* _What to work on_
Repeat only the lines below from the one containing "Pose de vernis" through the one containing "126 Courageous Side Way, Magnolia, TX 77354", inclusive, exactly as written.

* _Records from a dataset_
■ ■ ■

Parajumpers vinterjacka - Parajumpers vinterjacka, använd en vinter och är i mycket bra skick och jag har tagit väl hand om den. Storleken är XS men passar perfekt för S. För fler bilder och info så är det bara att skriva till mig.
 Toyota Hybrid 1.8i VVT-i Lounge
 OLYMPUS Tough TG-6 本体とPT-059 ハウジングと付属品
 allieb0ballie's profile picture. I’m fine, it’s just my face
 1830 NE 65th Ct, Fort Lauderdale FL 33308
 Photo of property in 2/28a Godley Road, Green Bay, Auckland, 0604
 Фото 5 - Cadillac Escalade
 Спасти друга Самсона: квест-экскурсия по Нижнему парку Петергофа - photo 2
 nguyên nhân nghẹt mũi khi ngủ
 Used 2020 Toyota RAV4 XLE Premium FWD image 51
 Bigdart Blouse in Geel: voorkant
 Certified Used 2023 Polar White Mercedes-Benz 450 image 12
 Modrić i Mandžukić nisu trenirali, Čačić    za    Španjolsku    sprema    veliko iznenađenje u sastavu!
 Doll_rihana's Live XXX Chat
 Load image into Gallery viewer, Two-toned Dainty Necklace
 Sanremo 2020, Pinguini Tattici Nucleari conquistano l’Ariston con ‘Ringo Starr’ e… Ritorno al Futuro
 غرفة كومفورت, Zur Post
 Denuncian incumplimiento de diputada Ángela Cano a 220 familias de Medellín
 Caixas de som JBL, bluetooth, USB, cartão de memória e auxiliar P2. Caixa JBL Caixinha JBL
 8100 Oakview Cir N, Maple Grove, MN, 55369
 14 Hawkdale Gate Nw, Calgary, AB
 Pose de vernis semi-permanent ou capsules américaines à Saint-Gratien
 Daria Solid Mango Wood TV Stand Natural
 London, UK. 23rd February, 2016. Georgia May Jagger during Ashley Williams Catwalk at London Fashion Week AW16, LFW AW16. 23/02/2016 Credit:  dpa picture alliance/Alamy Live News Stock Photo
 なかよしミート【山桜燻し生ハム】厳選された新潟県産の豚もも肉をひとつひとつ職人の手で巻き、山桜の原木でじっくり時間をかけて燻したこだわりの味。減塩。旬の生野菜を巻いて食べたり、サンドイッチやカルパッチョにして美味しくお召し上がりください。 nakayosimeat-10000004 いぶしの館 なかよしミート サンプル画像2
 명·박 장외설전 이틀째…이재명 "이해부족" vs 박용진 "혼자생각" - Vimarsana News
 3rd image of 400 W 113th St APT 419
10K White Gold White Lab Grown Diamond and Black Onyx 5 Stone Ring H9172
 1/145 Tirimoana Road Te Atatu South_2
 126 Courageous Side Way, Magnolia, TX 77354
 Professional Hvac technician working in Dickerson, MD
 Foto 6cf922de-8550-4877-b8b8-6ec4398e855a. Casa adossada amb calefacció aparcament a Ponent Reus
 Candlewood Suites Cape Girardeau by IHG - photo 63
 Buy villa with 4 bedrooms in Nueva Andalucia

■ ■ ■

* _Reply_
 Pose de vernis semi-permanent ou capsules américaines à Saint-Gratien
 Daria Solid Mango Wood TV Stand Natural
 London, UK. 23rd February, 2016. Georgia May Jagger during Ashley Williams Catwalk at London Fashion Week AW16, LFW AW16. 23/02/2016 Credit:  dpa picture alliance/Alamy Live News Stock Photo
 なかよしミート【山桜燻し生ハム】厳選された新潟県産の豚もも肉をひとつひとつ職人の手で巻き、山桜の原木でじっくり時間をかけて燻したこだわりの味。減塩。旬の生野菜を巻いて食べたり、サンドイッチやカルパッチョにして美味しくお召し上がりください。 nakayosimeat-10000004 いぶしの館 なかよしミート サンプル画像2
 명·박 장외설전 이틀째…이재명 "이해부족" vs 박용진 "혼자생각" - Vimarsana News
 3rd image of 400 W 113th St APT 419
10K White Gold White Lab Grown Diamond and Black Onyx 5 Stone Ring H9172
 1/145 Tirimoana Road Te Atatu South_2
 126 Courageous Side Way, Magnolia, TX 77354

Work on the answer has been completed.